Pernyataan jaringan Peduli Anak dan Perempuan ini merespon pemberitaan POS-KUPANG.COM berjudul 'Prostitusi Online di Ende, Transaksi di Depan Pasar Potulando Modus Nongkrong', yang diterbitkan pada 6 Juni 2020.
Ada 25 LSM dan individu yang tergabung dalam Jaringan Peduli Anak dan Perempuan NTT, Richard Raja sebagai yang mewakili, kepada POS-KUPANG.COM, Senin (21/6/2020), mengatakan, mereka prihatin dengan kasus prostitusi.
• Diduga Salahgunakan Keuangan Desa, Kepala Desa Maudemu Diadukan ke DPRD Belu
Menurutnya prostitusi yang melibatkan anak dan perempuan merupakan salah satu bentuk pelanggaran terhadap hak asasi manusia, hak perempuan dan hak anak.
Dia katakan kasus prostitusi online yang melibatkan anak dan perempuan juga sempat dimuat di media yakni kasus di Sumba Timur (10 Maret 2019) dan kejadian di Kupang menyusul tertangkapnya beberapa Mucikari prostitusi online yang melibatkan anak (Kompas.com, 14 Maret 2019).
• Kejati NTT Tangkap Siswanto Kondrata, Tersangka Korupsi Kredit Macet Bank NTT Surabaya
"Dan bukan tidak mungkin terjadi juga di wilayah lainnya di NTT," ungkap Richard.
Menurutnya, dalam beberapa kasus prostitusi terbukti telah melibatkan perempuan, anak perempuan dan bahkan anak laki-laki .
Dia katakan, kebanyakan korban adalah bagian dari perdagangan manusia untuk dieskploitasi secara seksual dan kebanyakan korban tidak mengetahui risiko dari pekerjaan yang mereka lakukan.
Lanjutnya, masyarakat tahu bahwa hal tersebut adalah persoalan sosial, namun tidak tahu harus berbuat apa, serta tidak mau direpotkan untuk urusan orang lain.
"Kondisi ini, jika tidak segera ditanggulangi dan diantisipasi, akan membuat praktek prostitusi merebak dengan subur, apalagi mengingat NTT sedang dipromosikan sebagai destinasi pariwisata andalan Indonesia,"ungkapnya.
Di sisi lain, kata Richard, penyelesaian masalah prostitusi tidak terlepas dari proses penegakan hukum yang baik untuk mengakhiri praktik tersebut.
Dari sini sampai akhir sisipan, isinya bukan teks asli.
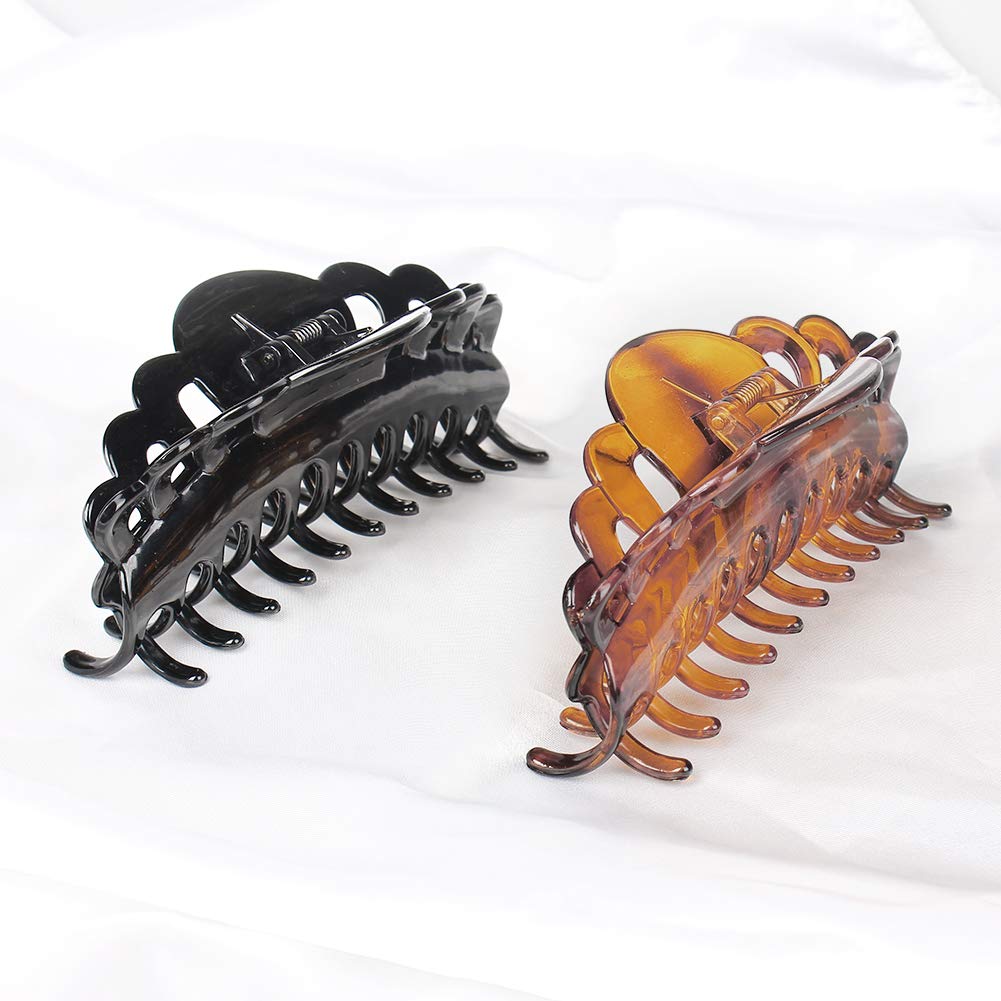 Extra Large Plastic Hair Claw Clips for Women - Strong Hold Jumbo Hair Clips for Long Thick Hair, Updo & Ponytail - Perfect for Workouts, Beach & Everyday Styling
Namun menurutnya, yang menjadi masalah saat ini adalah proses penegakan hukum yang tidak berjalan dengan maksimal, serta apatisme masyarakat.
Menyoroti masalah prostitusi yang terjadi di Ende, ungkap Richard, Jaringan Peduli Perempuan dan Anak NTT, baik yang berada di luar NTT maupun yang tinggal dan bergerak di NTT, bersama-sama menyadari bahwa praktek prostitusi berhubungan erat dengan kemiskinan.
Tidak hanya itu, jaringan Peduli Anak dan Perempuan menilai perubahan orientasi, pola dan gaya hidup generasi muda, yang ingin tampil mewah secara instan, serta berpusat pada diri sendiri, juga merupakan faktor-faktor pendorong prostitusi.
Karena itu, kata Richard Jaringan Peduli Anak dan Perempuan NTT, menyerukan,
1. Pemerintah Daerah, termasuk di dalamnya Aparat Penegak Hukum agar segera mengambil sikap tegas dan adil untuk menghapus praktek prostitusi di NTT.
Perlindungan perempuan dan anak, harus menjadi prioritas dalam program pembangunan, dan masuk dalam pertimbangan dan perencanaan program pembangunan di segala bidang. Peningkatan program pariwisata daerah NTT harus selalu seiring dengan penguatan perlindungan perempuan dan anak.
2. Segala bentuk pelecehan dan kekerasan terhadap perempuan dan anak, khususnya kekerasan dan eksploitasi seksual, diselesaikan dengan tuntas dalam keberpihakan terhadap korban.
Prostitusi harus dihapuskan dan diwaspadai dalam praktek dan keseharian hidup masyarakat NTT.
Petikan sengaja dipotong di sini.